Laurent-Désiré Kabilas Präsidentschaft war vor allem durch den zweiten Kongokrieg geprägt. Hunderttausende starben und Millionen flohen vor den Kampfhandlungen zwischen verschiedenen Rebellengruppen und Regierungstruppen. Unter anderem unterstützten Angola, Namibia, Simbabwe, Sudan, Tschad und die Zentralafrikanische Republik die Regierung Kabila militärisch, während Ruanda, Uganda und Burundi auf der Seite der Rebellengruppen eingriffen. Hinzu kam die militärische und politische Einmischung durch westliche Regierungen und Geheimdienste. Bis heute sind bewaffnete Gruppen in den unkontrollierbaren Urwaldregionen des Riesenlandes aktiv, immer wieder flackern Kämpfe auf.

Ursache der Auseinandersetzungen sind die reichen Vorkommen an Gold, Diamanten, Kupfer und Coltan, aus welchem das in der Mikroelektronik unentbehrliche Tantal gewonnen wird. Über die teilweise direkte Finanzierung von Rebellengruppen durch internationale Konzerne wird immer wieder berichtet – in der tagesaktuellen Berichterstattung werden Kämpfe in der Region dennoch meist als ethnisch motivierte Fehden dargestellt.

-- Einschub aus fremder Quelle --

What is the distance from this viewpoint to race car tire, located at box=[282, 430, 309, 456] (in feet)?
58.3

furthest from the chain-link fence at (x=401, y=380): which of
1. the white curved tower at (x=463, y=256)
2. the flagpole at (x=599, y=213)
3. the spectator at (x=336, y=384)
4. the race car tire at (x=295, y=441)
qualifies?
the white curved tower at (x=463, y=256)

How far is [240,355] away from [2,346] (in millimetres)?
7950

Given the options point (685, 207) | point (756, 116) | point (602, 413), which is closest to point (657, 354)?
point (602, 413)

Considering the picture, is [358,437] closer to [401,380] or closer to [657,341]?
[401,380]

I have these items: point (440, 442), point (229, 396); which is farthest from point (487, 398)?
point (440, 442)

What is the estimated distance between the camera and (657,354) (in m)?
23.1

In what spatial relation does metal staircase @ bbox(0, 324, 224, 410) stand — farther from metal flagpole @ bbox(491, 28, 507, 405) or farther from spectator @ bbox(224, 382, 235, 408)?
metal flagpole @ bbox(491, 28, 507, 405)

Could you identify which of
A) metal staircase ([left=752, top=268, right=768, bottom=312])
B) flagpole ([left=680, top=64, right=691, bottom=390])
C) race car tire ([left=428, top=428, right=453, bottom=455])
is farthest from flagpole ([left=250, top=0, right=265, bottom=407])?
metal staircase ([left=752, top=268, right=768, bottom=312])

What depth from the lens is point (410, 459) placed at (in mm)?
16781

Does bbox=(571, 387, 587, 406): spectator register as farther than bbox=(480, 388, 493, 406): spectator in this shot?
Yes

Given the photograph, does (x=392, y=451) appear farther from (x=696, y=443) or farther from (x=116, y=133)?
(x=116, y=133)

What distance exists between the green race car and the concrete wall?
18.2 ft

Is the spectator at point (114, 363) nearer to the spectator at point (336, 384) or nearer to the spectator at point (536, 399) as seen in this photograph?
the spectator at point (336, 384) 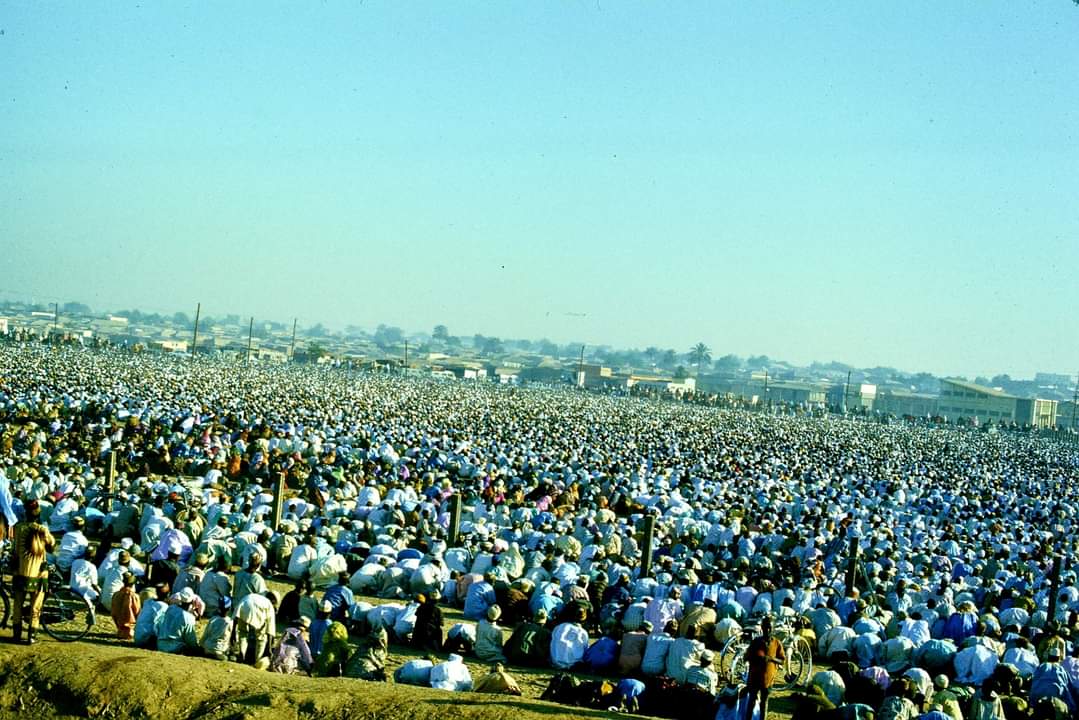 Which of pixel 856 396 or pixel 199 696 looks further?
pixel 856 396

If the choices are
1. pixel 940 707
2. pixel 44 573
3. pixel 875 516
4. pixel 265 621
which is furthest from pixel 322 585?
pixel 875 516

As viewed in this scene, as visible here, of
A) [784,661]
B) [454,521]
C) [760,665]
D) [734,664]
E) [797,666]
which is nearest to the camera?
[760,665]

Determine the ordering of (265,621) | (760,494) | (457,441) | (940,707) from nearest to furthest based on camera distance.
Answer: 1. (940,707)
2. (265,621)
3. (760,494)
4. (457,441)

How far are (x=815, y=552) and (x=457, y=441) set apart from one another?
1481 cm

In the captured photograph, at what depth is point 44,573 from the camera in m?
7.61

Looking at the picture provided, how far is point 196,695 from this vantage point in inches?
261

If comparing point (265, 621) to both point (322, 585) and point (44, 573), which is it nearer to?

* Aus: junge Welt, Samstag, 12. Mai 2012

Quelle: Der Tycoon aus Schweden

Meldung der südafrikanischen Presseagentur SAPA vom 4. Mai 1997

Wie andere Minenunternehmer aus aller Welt ist auch der schwedische Tycoon Adolf Lundin erpicht darauf, mit den Rebellen, die bereits drei Viertel des ressourcenreichen Zaire kontrollieren, Geschäfte zu machen. Lundin unterschrieb im vergangenen Jahr ein Abkommen mit der staatlichen Minengesellschaft Gécamines. Aber nun, da die von Laurent Kablia angeführte Rebellenallianz die Tenke-Fungurume-Mine kontrolliert, ist Lundin bereit, der Allianz die ersten 50 Millionen Dollar eines 250-Millionen-Dollarvertrages für »die größte Kupfermine der Welt« zu bezahlen.

(...) Lundin sah das Gelände 1994 zum ersten Mal – zwanzig Jahre, nachdem in Untersuchungen auf das Potential des Gebietes hingewiesen wurde. Er brachte die ersten 86,5 Millionen Dollar für ein Joint Venture mit der staatlichen Minengesellschaft auf. Der Aufstand hat einige von Lundins Unterstützern verunsichert. Er versprach den Investoren, daß ihre Anlagen sicher seien.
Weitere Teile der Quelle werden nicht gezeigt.